[PROBLEM DESCRIPTION]
Work through the listing below and give again exactly the lines from the one with "The sidewalk is" to the one with "We're about to", both ends included. All other lines and all pictures stay out.

[RAW DATA]

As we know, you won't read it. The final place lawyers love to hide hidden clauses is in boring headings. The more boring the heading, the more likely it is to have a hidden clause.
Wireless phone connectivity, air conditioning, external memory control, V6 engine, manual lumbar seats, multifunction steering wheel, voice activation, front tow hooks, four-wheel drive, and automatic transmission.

---

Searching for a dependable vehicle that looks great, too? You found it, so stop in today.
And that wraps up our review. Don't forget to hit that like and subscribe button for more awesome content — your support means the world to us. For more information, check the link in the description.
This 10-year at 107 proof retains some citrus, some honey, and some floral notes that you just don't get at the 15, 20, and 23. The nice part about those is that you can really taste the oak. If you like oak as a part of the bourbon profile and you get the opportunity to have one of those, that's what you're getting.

==

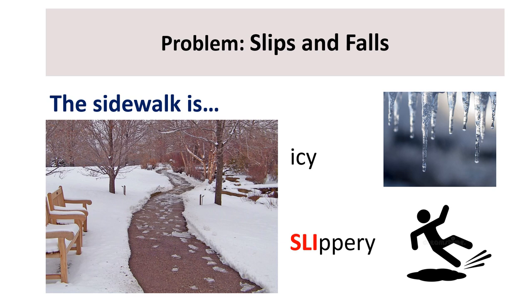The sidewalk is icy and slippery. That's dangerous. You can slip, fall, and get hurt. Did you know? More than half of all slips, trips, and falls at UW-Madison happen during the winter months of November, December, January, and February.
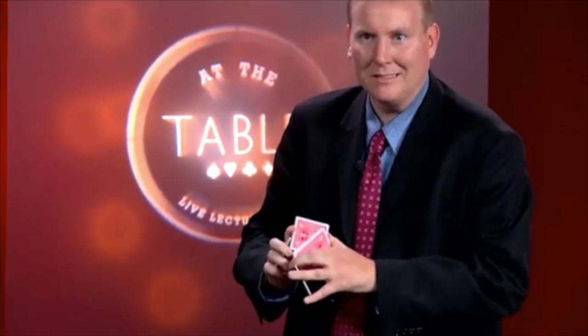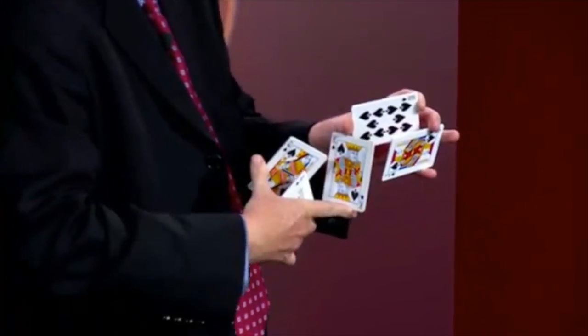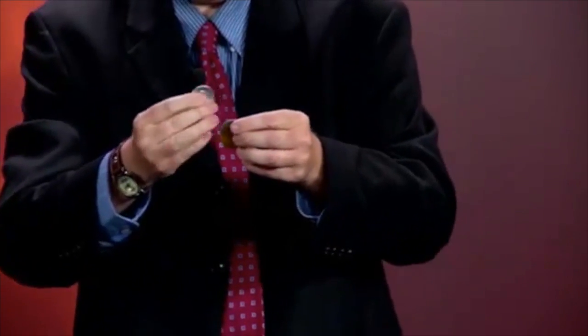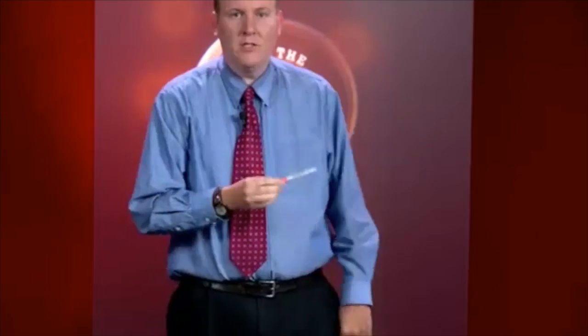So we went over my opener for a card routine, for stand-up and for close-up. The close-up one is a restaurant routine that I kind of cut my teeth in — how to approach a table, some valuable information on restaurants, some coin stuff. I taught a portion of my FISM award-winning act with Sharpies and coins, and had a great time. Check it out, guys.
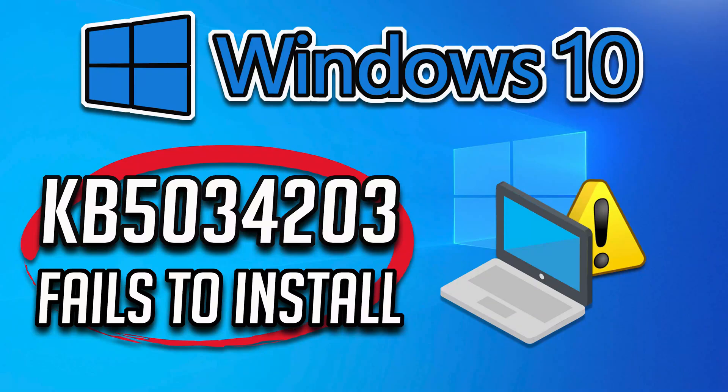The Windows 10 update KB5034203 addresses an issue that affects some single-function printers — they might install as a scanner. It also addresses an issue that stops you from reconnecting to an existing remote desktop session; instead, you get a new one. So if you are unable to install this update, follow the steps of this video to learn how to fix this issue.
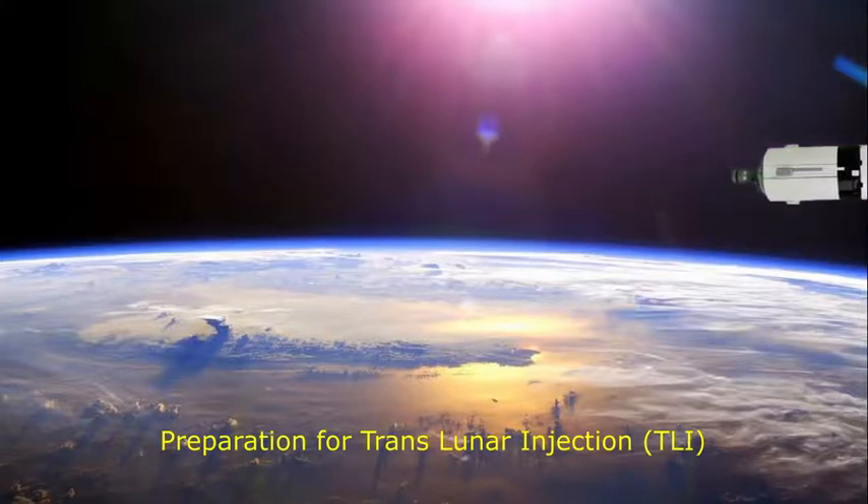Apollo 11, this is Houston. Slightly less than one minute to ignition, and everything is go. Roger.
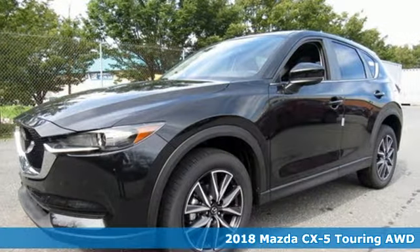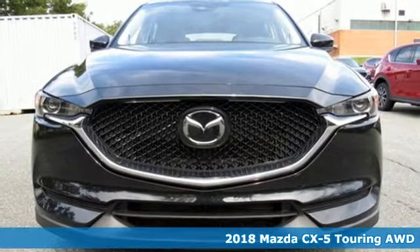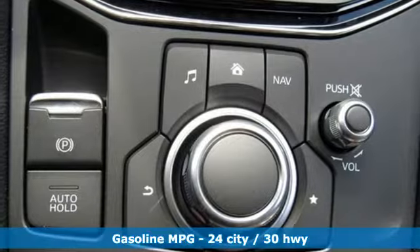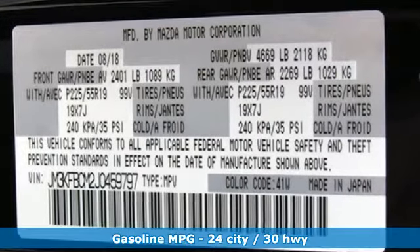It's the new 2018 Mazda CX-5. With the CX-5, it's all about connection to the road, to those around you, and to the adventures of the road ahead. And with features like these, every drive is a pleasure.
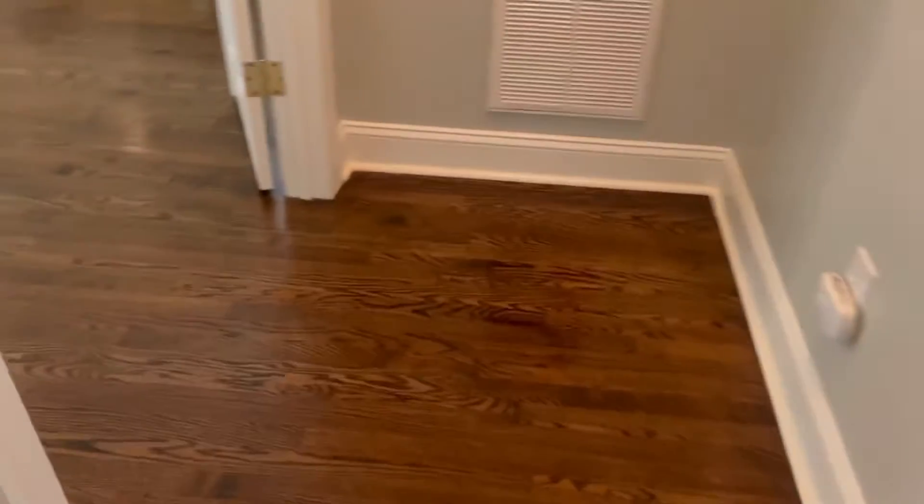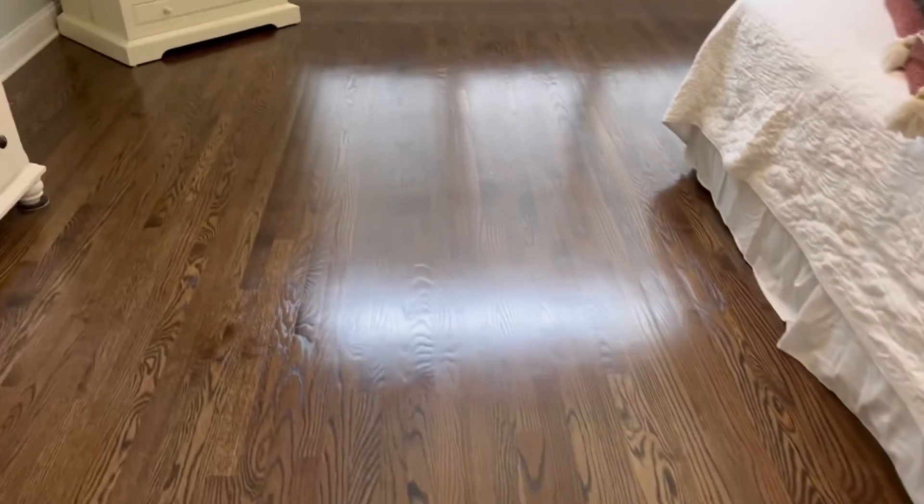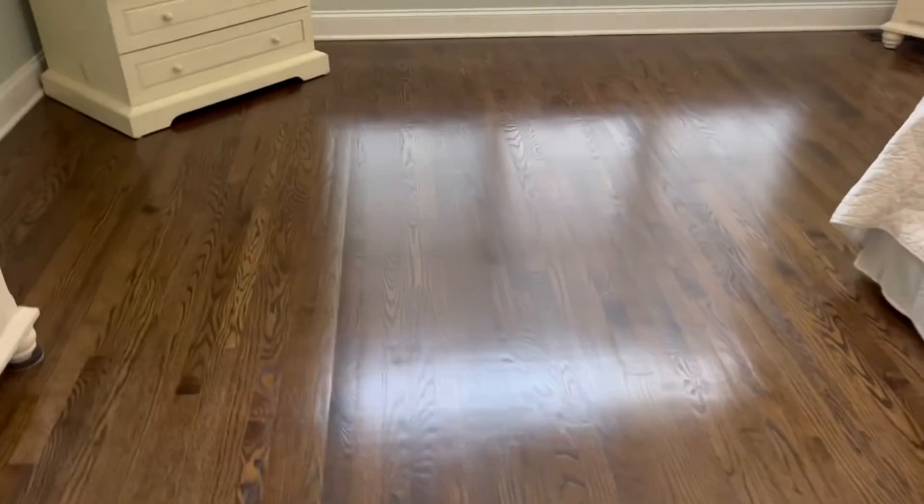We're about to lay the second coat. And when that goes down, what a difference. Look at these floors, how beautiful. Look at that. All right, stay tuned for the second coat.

[PROBLEM SOLUTION]
The sidewalk is icy and slippery. That's dangerous. You can slip, fall, and get hurt. Did you know? More than half of all slips, trips, and falls at UW-Madison happen during the winter months of November, December, January, and February.
So we went over my opener for a card routine, for stand-up and for close-up. The close-up one is a restaurant routine that I kind of cut my teeth in — how to approach a table, some valuable information on restaurants, some coin stuff. I taught a portion of my FISM award-winning act with Sharpies and coins, and had a great time. Check it out, guys.
The Windows 10 update KB5034203 addresses an issue that affects some single-function printers — they might install as a scanner. It also addresses an issue that stops you from reconnecting to an existing remote desktop session; instead, you get a new one. So if you are unable to install this update, follow the steps of this video to learn how to fix this issue.
Apollo 11, this is Houston. Slightly less than one minute to ignition, and everything is go. Roger.
It's the new 2018 Mazda CX-5. With the CX-5, it's all about connection to the road, to those around you, and to the adventures of the road ahead. And with features like these, every drive is a pleasure.
We're about to lay the second coat. And when that goes down, what a difference. Look at these floors, how beautiful. Look at that. All right, stay tuned for the second coat.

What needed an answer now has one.